_PROBLEM TO WORK ON_:
Your answer must be the lines from the one containing "1980 NFL Pro" through the last line below, copied exactly, with no pictures.

[Web page caption snippets]
☆ ☆ ☆ ☆ ☆ ☆ ☆
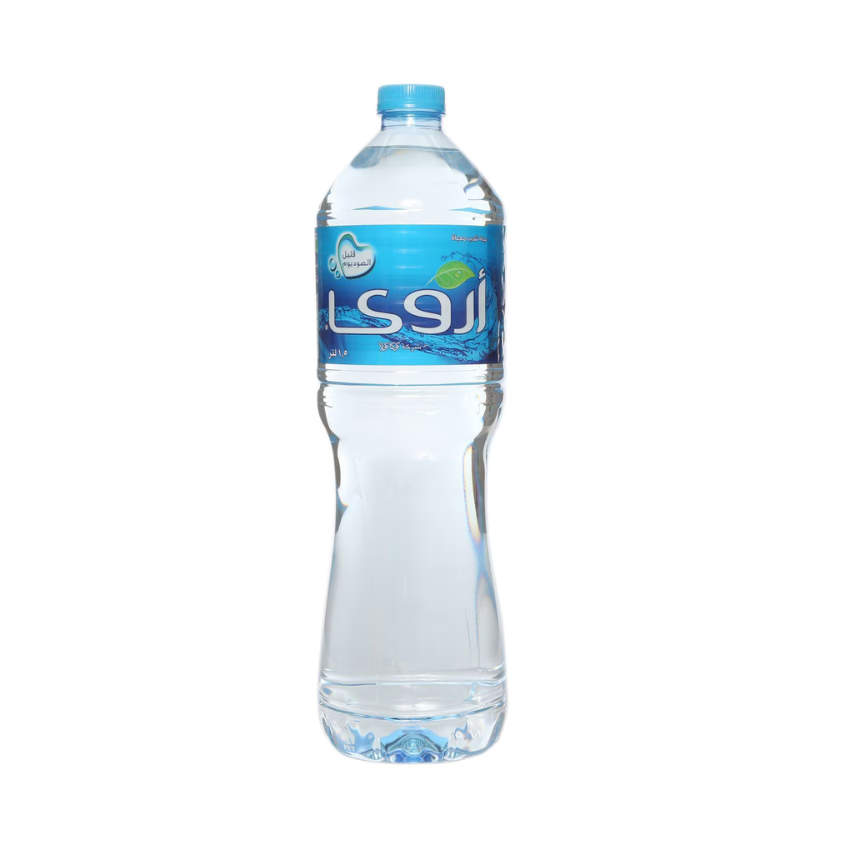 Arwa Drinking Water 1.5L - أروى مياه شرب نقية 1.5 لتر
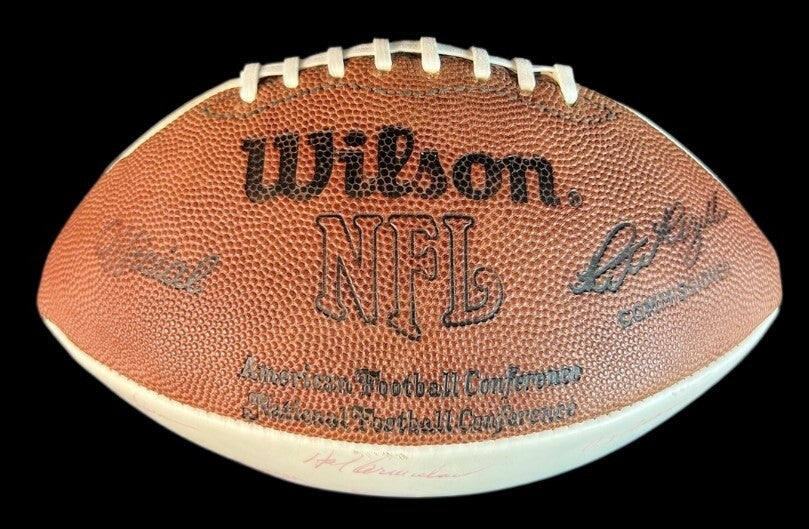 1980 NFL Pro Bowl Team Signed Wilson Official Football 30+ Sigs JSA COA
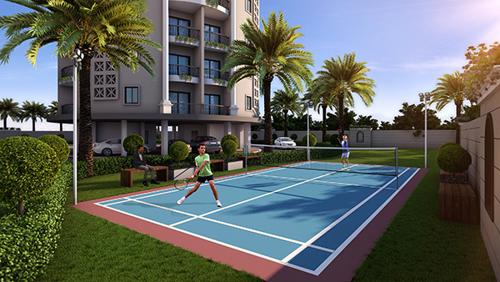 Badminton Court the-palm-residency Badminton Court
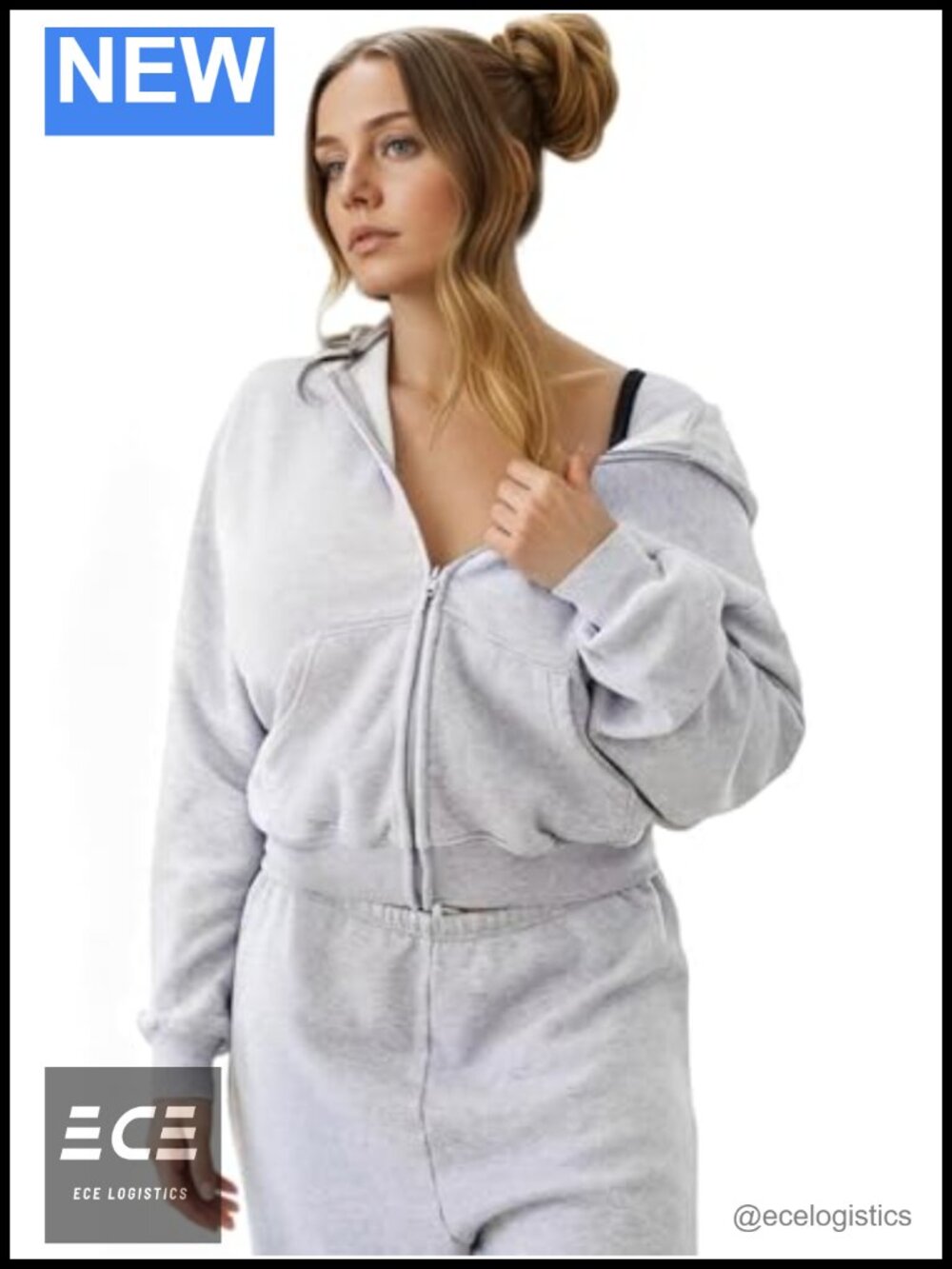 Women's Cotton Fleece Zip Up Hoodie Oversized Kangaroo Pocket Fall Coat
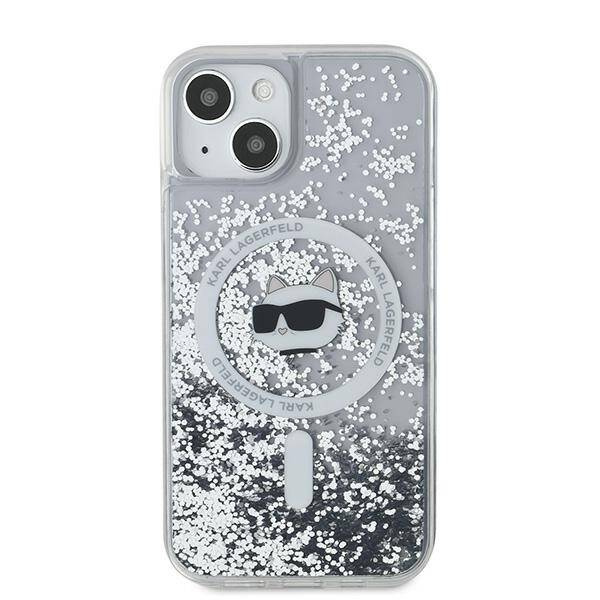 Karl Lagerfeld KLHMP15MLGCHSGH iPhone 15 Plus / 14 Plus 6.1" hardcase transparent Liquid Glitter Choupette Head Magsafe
☆ ☆ ☆ ☆ ☆ ☆ ☆
_TASK SOLUTION_:
 1980 NFL Pro Bowl Team Signed Wilson Official Football 30+ Sigs JSA COA
 Badminton Court the-palm-residency Badminton Court
 Women's Cotton Fleece Zip Up Hoodie Oversized Kangaroo Pocket Fall Coat
 Karl Lagerfeld KLHMP15MLGCHSGH iPhone 15 Plus / 14 Plus 6.1" hardcase transparent Liquid Glitter Choupette Head Magsafe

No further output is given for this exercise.